TASK PROMPT: Return exactly the lines below, starting with the one that has "2BR | Gables" and going on through the one that has "Kanazawa Castle and Kenrokuen Garden".

DATASET RECORDS:
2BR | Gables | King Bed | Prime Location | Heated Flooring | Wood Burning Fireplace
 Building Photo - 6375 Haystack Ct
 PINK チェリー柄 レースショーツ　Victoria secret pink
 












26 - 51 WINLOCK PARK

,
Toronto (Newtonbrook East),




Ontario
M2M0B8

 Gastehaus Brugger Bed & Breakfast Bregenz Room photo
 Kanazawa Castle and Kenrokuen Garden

--

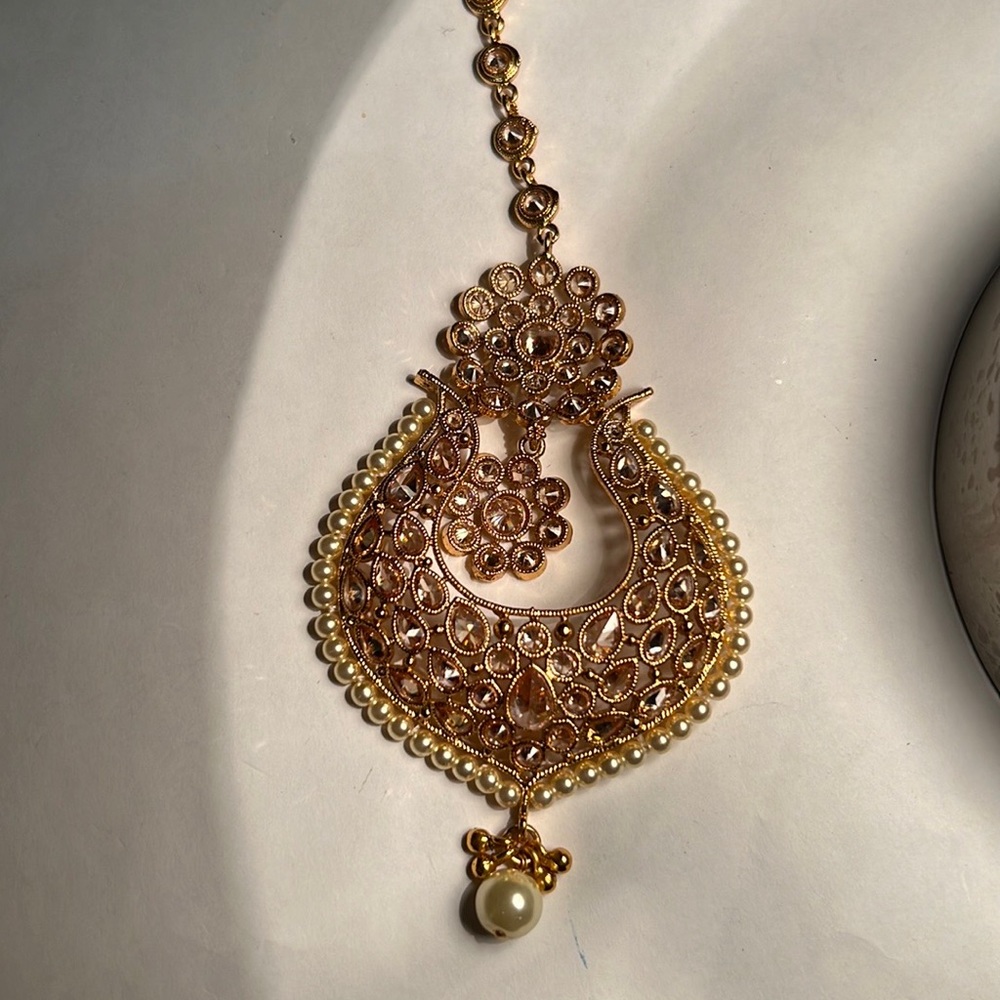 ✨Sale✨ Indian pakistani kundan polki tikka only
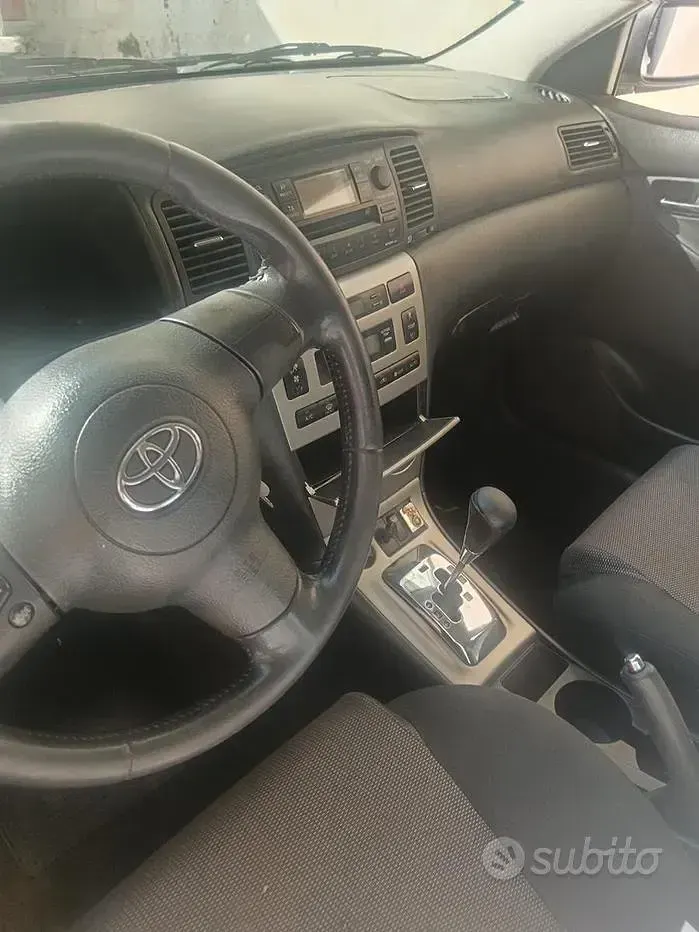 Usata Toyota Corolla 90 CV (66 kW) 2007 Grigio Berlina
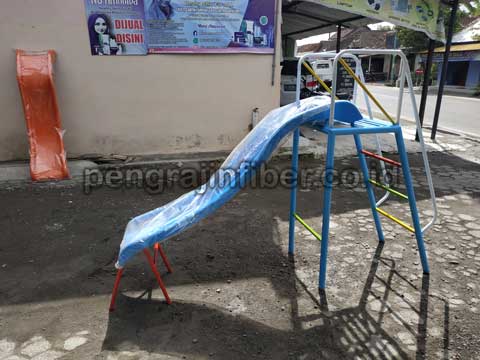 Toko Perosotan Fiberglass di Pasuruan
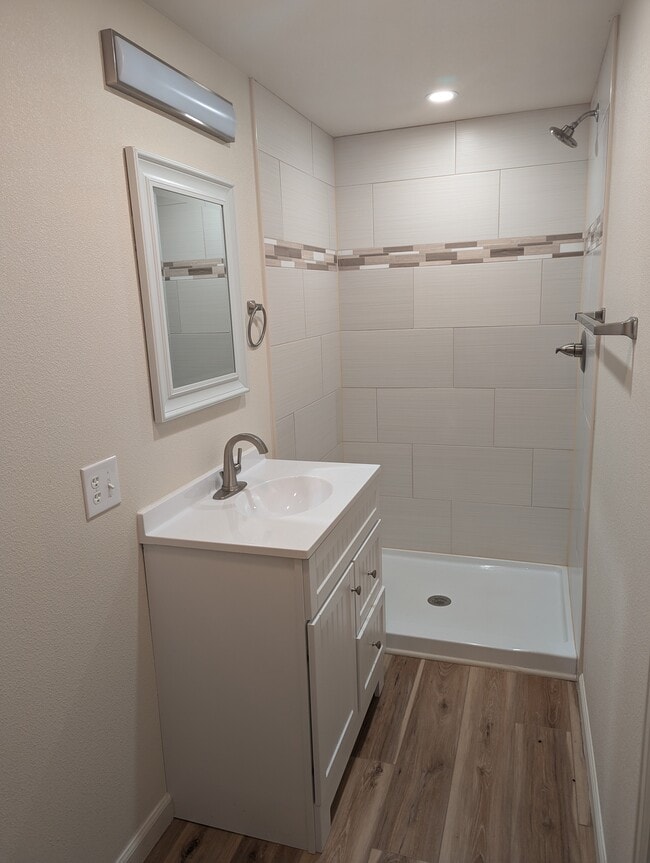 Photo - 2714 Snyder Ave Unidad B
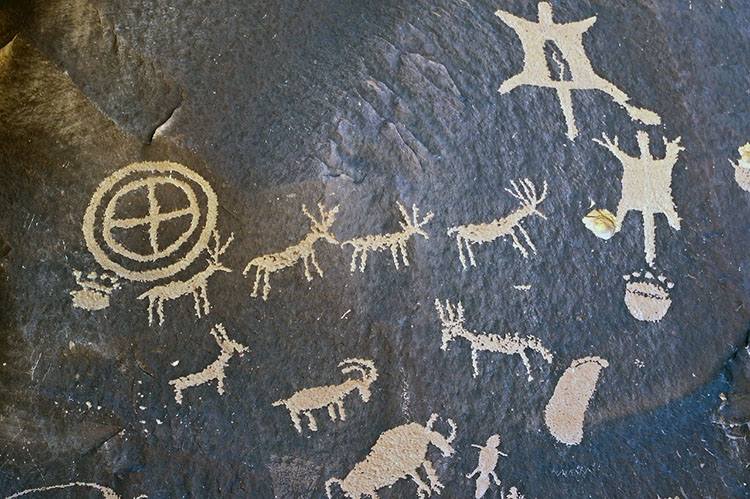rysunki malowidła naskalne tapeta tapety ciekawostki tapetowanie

* * *

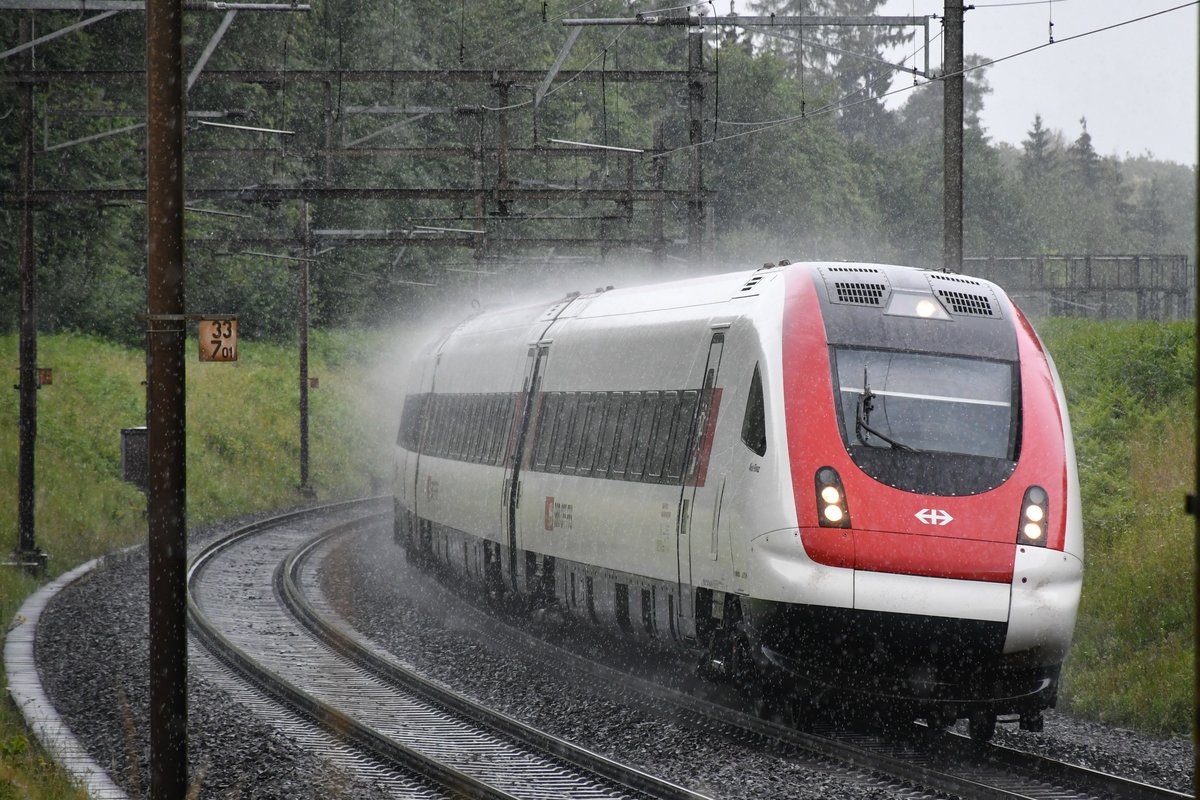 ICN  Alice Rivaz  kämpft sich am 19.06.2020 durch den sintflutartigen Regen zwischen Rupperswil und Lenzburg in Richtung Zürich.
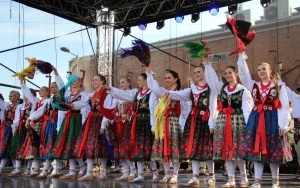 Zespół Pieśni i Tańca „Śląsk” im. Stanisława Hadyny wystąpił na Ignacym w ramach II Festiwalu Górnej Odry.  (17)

RESULT OF THE EXERCISE:
2BR | Gables | King Bed | Prime Location | Heated Flooring | Wood Burning Fireplace
 Building Photo - 6375 Haystack Ct
 PINK チェリー柄 レースショーツ　Victoria secret pink
 












26 - 51 WINLOCK PARK

,
Toronto (Newtonbrook East),




Ontario
M2M0B8

 Gastehaus Brugger Bed & Breakfast Bregenz Room photo
 Kanazawa Castle and Kenrokuen Garden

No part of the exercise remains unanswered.